Against that backdrop, the repeated deferral of investor-focused improvements to complaint-handling timelines — despite years of consultation — stands out. CIRO routinely exceeds baseline CSA requirements in other areas, including capital and proficiency. The decision not to do so here reflects an absence of leadership that warrants closer scrutiny.

In this instance, investor interests appear to have been subordinated, raising broader concerns about the credibility of the self-regulatory organization (SRO) model as a public-interest framework.

Support for a 60-day timeline

When the CSA approved the SRO amalgamation, it emphasized stronger public‑interest safeguards at CIRO, including increased independent board representation and the creation of an Investor Advisory Panel (IAP). These mechanisms were intended to ensure that investor perspectives would meaningfully influence decisions, particularly where industry pushback was foreseeable.

CIRO’s IAP strongly supported adopting Quebec’s 60‑day timeline, as did many other stakeholders. Nevertheless, the phase six proposals preserve an unharmonized approach.

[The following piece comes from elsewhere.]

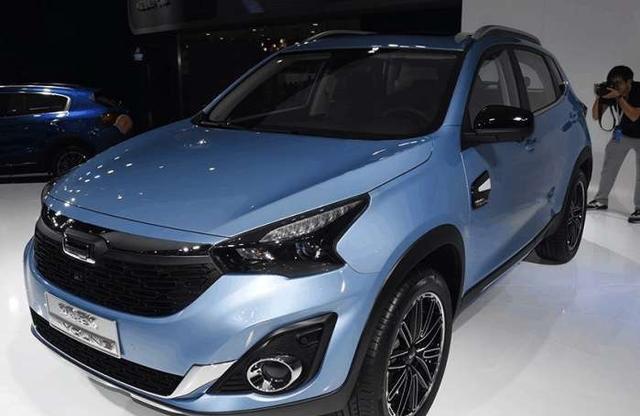 观致使出“杀手锏”打造年轻人专属SUV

Where formal investor feedback does not translate into policy outcomes on issues of this significance, it is reasonable to question whether the promised governance enhancements are functioning as intended.

Complaint-handling timelines are not abstract regulatory details. They determine how long investors wait for answers, resolution and access to redress. Extended timelines risk undermining confidence not only in individual firms, but also in regulators and in the perceived fairness of Canada’s capital markets.

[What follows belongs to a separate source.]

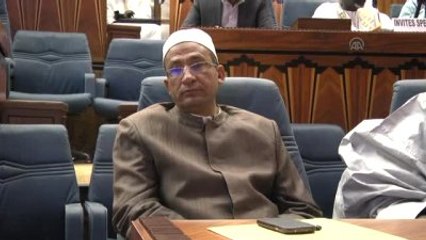 Senegal'de "Kalkınma ve İstikrara Terörizmin Etkileri" Konferansı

CIRO has had multiple opportunities to align its framework with a higher standard that their firms must comply with in Quebec. Adopting Quebec’s 60-day approach would have been consistent with CIRO’s stated principles and its public-interest mandate.

Responsibility now rests with CIRO’s board and the CSA. At this stage, further consultation or study risks prolonging an issue that has already been examined extensively. A clear directive to implement a consistent and national standard would send a strong signal that harmonization and investor protection are central to CIRO’s regulatory approach. How CIRO resolves this issue will be an important test of its public-interest mandate.

Jean‑Paul Bureaud is executive director of FAIR Canada.